* _Assignment_
Using the listing below, copy exactly the lines from the one containing "mountain equipment lumiko" to the one containing "Semirremolque abierto KRONE", both lines included, and no others.

* _Given data_
_ _ _

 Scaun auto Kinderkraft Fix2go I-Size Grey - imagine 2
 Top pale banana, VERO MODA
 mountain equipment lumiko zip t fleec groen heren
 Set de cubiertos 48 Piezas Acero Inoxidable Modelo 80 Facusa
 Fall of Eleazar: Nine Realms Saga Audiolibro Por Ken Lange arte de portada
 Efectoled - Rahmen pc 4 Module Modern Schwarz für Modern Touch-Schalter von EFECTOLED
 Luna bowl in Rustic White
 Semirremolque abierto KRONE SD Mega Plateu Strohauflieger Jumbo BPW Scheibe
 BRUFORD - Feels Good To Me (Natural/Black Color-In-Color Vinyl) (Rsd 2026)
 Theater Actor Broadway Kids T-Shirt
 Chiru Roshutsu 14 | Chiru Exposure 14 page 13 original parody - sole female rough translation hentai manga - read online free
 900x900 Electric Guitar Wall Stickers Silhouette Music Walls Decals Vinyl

_ _ _

* _Task solution_
 mountain equipment lumiko zip t fleec groen heren
 Set de cubiertos 48 Piezas Acero Inoxidable Modelo 80 Facusa
 Fall of Eleazar: Nine Realms Saga Audiolibro Por Ken Lange arte de portada
 Efectoled - Rahmen pc 4 Module Modern Schwarz für Modern Touch-Schalter von EFECTOLED
 Luna bowl in Rustic White
 Semirremolque abierto KRONE SD Mega Plateu Strohauflieger Jumbo BPW Scheibe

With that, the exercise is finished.